> **Work item**
Among the entries below, how many lines hold the word "Dress"? Reply with the number only.

> **Records supplied**
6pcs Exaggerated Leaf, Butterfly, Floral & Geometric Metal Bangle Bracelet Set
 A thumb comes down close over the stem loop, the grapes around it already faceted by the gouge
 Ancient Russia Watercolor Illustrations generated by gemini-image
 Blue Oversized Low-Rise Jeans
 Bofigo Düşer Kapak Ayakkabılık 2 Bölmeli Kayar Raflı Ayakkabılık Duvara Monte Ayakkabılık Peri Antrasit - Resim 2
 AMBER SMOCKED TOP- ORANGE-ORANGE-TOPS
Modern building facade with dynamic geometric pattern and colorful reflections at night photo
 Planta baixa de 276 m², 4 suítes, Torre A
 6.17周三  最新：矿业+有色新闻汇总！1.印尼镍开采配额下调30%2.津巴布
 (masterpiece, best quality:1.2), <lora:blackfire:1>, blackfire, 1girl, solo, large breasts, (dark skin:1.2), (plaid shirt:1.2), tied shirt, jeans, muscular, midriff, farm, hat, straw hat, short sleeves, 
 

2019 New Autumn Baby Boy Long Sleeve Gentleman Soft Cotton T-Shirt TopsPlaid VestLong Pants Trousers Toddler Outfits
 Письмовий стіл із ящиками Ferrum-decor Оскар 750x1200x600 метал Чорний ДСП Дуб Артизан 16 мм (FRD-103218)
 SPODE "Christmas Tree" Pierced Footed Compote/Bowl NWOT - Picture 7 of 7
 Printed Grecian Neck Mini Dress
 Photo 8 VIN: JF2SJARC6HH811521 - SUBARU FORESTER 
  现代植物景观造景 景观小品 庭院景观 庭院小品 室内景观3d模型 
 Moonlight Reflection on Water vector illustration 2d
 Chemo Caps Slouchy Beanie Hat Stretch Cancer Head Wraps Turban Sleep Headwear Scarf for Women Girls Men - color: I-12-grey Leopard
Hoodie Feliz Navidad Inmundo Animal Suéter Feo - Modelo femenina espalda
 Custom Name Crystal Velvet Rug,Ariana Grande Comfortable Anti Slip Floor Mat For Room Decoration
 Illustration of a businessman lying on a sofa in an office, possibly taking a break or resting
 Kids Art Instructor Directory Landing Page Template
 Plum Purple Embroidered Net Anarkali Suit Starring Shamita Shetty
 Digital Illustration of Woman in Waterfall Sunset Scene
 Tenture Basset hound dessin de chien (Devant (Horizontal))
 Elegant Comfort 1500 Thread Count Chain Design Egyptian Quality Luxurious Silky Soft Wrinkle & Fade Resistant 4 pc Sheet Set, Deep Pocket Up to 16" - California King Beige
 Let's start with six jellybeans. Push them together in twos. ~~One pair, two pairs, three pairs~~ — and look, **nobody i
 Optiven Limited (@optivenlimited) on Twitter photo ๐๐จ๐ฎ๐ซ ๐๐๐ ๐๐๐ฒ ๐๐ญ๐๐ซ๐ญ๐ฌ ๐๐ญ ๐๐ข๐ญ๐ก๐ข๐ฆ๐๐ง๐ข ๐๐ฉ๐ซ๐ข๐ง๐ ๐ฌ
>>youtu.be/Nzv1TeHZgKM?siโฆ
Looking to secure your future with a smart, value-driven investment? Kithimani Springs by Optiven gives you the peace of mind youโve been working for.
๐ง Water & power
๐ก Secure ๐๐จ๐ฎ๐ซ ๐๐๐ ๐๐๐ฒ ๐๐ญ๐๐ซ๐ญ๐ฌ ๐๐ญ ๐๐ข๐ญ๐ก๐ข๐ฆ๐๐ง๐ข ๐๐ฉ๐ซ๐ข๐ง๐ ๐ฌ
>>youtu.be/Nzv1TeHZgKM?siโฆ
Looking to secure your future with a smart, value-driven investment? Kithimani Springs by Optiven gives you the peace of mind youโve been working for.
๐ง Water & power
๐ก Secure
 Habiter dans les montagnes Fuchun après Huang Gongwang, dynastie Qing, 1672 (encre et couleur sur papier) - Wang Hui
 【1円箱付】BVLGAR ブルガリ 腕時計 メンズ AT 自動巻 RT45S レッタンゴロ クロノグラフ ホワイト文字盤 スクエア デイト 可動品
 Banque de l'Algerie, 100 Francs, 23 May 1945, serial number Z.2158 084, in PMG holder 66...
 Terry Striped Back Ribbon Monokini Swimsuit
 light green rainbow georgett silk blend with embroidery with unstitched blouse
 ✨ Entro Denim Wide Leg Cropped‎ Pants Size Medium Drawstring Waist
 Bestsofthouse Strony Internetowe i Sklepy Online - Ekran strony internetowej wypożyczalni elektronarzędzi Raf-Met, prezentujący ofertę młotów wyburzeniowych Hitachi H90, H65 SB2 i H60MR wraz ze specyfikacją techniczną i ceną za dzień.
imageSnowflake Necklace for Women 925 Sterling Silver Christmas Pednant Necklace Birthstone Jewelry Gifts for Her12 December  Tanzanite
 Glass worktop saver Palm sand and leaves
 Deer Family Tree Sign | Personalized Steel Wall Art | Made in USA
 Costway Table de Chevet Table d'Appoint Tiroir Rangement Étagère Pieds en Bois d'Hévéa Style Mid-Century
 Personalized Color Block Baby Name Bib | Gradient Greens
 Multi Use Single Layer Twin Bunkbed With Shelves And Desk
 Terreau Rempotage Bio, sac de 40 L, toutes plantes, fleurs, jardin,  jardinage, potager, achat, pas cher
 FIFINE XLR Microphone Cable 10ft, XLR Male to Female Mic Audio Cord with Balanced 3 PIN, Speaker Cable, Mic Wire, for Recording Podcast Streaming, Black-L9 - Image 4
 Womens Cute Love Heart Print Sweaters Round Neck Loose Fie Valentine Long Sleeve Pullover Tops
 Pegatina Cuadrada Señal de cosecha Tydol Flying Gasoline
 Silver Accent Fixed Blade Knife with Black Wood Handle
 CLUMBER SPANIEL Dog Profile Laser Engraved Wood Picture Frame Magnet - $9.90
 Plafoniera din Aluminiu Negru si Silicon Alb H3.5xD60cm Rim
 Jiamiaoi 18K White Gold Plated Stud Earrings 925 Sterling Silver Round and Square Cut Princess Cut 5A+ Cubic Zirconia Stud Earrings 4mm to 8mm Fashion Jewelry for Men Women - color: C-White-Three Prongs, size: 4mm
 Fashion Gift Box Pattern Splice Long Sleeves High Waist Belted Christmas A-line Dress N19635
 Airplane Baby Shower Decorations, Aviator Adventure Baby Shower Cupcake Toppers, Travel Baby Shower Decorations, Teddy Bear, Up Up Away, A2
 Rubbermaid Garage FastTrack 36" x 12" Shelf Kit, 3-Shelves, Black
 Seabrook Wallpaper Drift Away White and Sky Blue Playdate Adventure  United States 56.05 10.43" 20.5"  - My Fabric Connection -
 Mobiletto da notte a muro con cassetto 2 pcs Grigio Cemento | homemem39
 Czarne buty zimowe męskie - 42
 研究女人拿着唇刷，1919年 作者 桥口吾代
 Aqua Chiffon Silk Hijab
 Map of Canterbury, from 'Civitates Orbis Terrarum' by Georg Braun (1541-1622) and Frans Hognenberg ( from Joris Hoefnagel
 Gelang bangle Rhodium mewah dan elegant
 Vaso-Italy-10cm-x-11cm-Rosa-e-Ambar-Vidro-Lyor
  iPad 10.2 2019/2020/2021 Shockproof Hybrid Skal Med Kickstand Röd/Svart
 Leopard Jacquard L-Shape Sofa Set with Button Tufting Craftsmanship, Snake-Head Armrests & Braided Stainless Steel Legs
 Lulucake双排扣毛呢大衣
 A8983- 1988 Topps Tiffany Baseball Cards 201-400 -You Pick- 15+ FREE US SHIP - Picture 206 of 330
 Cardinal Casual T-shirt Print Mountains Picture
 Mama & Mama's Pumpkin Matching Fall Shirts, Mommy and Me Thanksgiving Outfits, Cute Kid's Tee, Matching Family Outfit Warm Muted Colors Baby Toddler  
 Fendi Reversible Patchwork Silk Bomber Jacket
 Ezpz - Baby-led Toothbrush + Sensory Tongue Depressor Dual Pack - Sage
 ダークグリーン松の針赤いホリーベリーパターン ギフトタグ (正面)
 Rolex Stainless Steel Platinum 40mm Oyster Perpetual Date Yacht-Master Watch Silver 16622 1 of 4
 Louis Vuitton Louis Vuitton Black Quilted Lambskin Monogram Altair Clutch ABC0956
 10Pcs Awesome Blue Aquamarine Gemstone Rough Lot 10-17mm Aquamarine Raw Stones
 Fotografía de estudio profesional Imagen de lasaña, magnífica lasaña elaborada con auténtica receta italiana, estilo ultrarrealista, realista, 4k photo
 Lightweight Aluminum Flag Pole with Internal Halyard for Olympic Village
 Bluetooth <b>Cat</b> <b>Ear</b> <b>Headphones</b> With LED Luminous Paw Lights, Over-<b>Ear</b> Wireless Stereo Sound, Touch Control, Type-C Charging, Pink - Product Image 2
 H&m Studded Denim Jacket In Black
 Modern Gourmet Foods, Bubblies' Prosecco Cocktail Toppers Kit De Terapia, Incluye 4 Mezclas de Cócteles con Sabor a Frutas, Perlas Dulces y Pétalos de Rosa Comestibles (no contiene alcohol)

> **Output for this task**
2